Selling the Democratic platform to Catholics, Ritter said, is not just about hot-button issues like abortion.
“You can’t isolate it, you can’t focus on one thing,” he said.
However, as a pro-life Democrat, Ritter said he finds himself in a difficult position regarding his “Catholic faith and political dilemmas.”
“It’s a high-wire act to navigate,” he said, and Catholic politicians have struggled with “tortured logic” on some issues.
Other issues, however, are more straightforward, he said.
Catholic ideology, Ritter said, teaches stewardship of the environment.
Ritter is one of the panelists in Wednesday’s Notre Dame Forum on Sustainability. As governor, he passed 20 pieces of clean energy legislation and doubled his state’s renewable energy standard.
“Our relationship to the earth and being part of a created world,” he said, influenced these policies. “Climate change really is a moral dilemma.”
Ritter recently took a trip to the Arctic, where he “saw the science” and the physical evidence of climate change, the effects of which will be felt most by the poor, he said, especially those who live in coastal areas.

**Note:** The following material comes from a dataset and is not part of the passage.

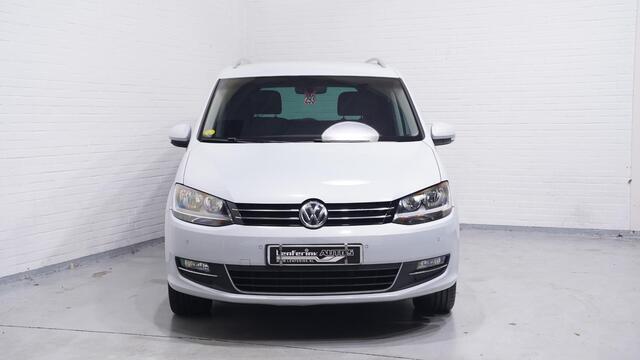 Volkswagen SHARAN 2.0 TDI 150 pk DSG Aut. GRIJS KENTEKEN Trekhaak Navi, Adapt.Cruise, 2x Elek. Schuifdeur, Leder Zwart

Ritter used his experience in Africa to discuss how to wrestle with another Catholic teaching in politics -social justice.
“We, as a country, have a moral imperative to help other people in the world,” he said.
He said he believes people experience callings, and something that has always been important to him is “having some quiet in your life to hear the calling.”
He and his wife together felt a strong pull to go to Africa as Catholic missionaries with their young son over a decade ago with the Missionary Oblates of Mary Immaculate for three years.
While working in a nutrition education program, Ritter saw first hand the devastation of the AIDS epidemic ravaging Sub-Saharan Africa. He and his wife began teaching AIDS prevention, including the use of condoms, “even though it was against Church doctrine,” he said.
“Finding out how to navigate those issues, as a Catholic, is hard,” Ritter said.
There is a difference between rhetoric and “making a meaningful difference,” on the social justice front, he said, when the discussion turned to immigration.
“Catholic social justice teaching should teach us to have a soft heart for the people,” he said.
The importance of social justice cannot be emphasized on a purely domestic or purely international level, Ritter said. “It’s not one versus the other. We must act globally as a country.”
Ritter took time to speak individually with most of the students in attendance after the one-hour discussion.